Data & Data Scalability

Approaches to Consistency: ACID and BASE


Learning Objectives

  • You know the terms consistency and transaction.
  • You know of ACID and BASE consistency models.
  • You understand the tradeoffs between ACID and BASE.

Consistency and transactions

A database system often serves multiple users or applications simultaneously, each performing queries, updates, or other operations independently, while sharing the same database. A key requirement from databases is ensuring consistency — databases must adhere to predefined rules such as user-defined checks and constraints and foreign key relations, even when accessed concurrently.

Consistency means that the database reflects valid states at all times. For example, in a banking system, a user-defined check may state that account balances should never become negative. Without proper safeguards, simultaneous queries — such as two concurrent withdrawals where an account would have sufficient balance for either one of them but not for both — could produce inconsistent or partial results, leading to incorrect states.

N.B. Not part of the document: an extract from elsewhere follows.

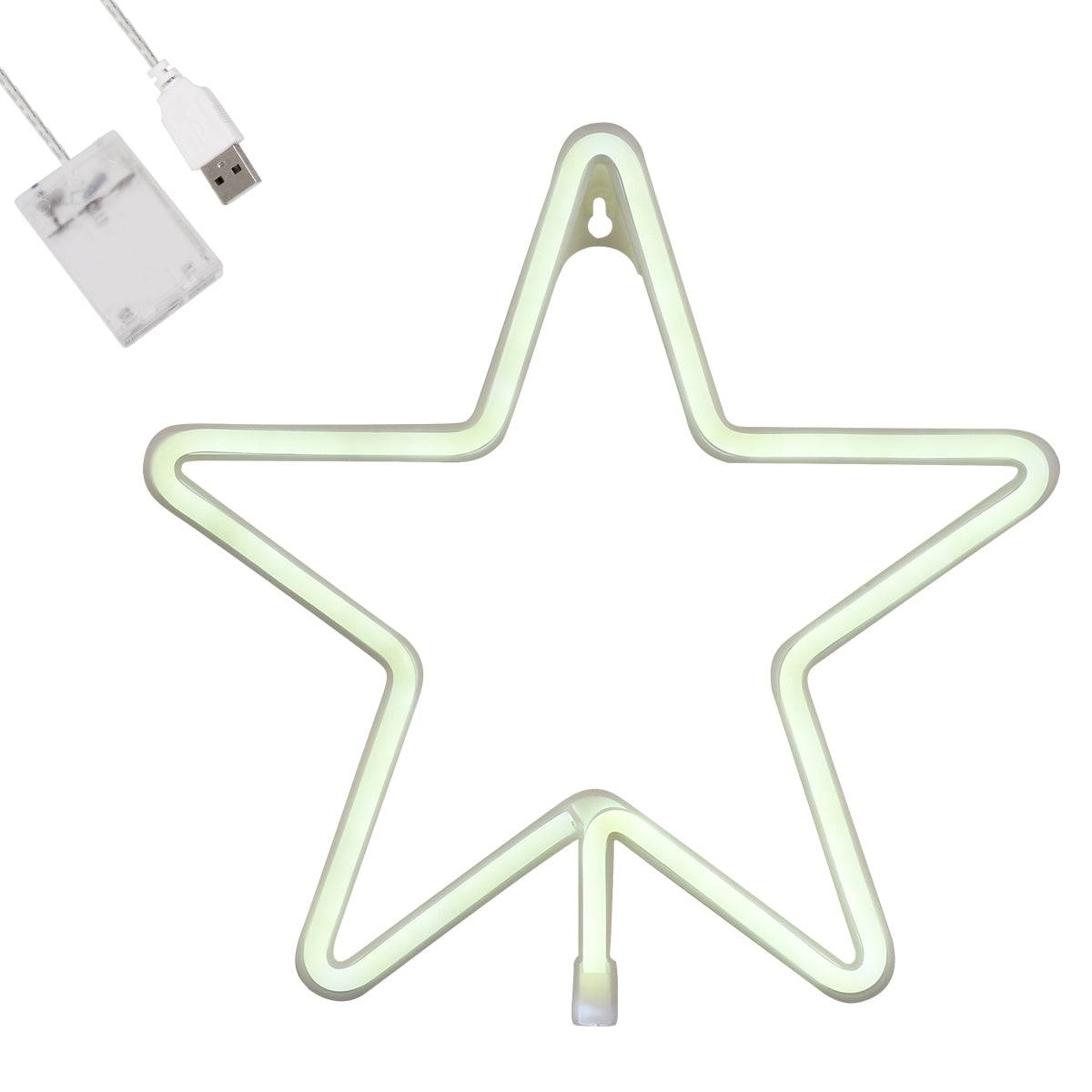GloboStar® 78584 Φωτιστικό Ταμπέλα Φωτεινή Επιγραφή NEON LED Σήμανσης STAR 5W με Καλώδιο Τροφοδοσίας USB - Μπαταρίας 3xAAA (Δεν Περιλαμβάνονται) - Ψυχρό Λευκό 6000K - ledmania.gr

To ensure consistency, one query must not interfere with another query. For example, if one query reads records while another updates them, the read query should reflect either the state before or after the entire update, but never a partial update.

Database systems enforce consistency through transactions. Transactions are a sequence of operations such as queries executed as a single, isolated unit. Transactions guarantee that each operation is completed fully or not at all. They shield concurrent transactions from interfering with each other, ensuring data integrity. This ensures that even in the event of a failure, like the check for negativity, the database can revert a transaction to return to a consistent state.

There are two main approaches to data consistency used in database systems: ACID and BASE.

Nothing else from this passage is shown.